Action item — Among the lines below, restate word for word only those from the line with "Group of five" through the line with "Loving understanding old", with both end lines kept.

Records supplied —
* * * *
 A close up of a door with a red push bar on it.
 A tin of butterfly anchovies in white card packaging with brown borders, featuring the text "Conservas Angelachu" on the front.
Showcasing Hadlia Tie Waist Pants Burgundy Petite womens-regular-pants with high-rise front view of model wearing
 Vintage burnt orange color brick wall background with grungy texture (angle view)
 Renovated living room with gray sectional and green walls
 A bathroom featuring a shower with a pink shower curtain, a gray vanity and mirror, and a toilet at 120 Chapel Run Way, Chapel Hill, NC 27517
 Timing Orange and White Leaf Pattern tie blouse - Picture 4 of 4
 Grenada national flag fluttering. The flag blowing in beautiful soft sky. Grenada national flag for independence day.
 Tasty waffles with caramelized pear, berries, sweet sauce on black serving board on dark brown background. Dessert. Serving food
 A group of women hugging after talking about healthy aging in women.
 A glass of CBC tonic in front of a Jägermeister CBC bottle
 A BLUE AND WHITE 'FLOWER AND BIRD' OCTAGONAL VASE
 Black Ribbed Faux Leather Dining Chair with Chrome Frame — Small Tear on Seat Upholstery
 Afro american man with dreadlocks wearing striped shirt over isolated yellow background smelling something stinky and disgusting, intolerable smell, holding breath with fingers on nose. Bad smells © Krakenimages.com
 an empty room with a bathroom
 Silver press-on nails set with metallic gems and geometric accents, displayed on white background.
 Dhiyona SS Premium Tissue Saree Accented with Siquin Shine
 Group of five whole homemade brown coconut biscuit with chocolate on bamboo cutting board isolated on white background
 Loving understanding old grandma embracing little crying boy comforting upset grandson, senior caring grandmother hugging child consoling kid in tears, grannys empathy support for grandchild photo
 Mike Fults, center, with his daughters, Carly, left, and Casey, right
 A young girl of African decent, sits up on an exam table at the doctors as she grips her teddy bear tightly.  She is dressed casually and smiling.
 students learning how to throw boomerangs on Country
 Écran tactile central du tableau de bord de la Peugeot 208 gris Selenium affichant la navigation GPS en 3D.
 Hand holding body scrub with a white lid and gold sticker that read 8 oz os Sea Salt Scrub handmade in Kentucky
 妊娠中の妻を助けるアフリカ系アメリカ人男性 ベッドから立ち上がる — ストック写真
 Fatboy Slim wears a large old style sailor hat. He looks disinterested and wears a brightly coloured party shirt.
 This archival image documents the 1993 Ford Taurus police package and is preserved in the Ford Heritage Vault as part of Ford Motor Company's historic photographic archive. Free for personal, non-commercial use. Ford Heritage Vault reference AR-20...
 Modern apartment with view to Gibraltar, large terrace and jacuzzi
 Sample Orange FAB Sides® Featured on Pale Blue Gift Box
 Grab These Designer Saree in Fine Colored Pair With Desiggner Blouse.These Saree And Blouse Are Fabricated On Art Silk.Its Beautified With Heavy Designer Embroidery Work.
* * * *
Solution for this exercise —
 Group of five whole homemade brown coconut biscuit with chocolate on bamboo cutting board isolated on white background
 Loving understanding old grandma embracing little crying boy comforting upset grandson, senior caring grandmother hugging child consoling kid in tears, grannys empathy support for grandchild photo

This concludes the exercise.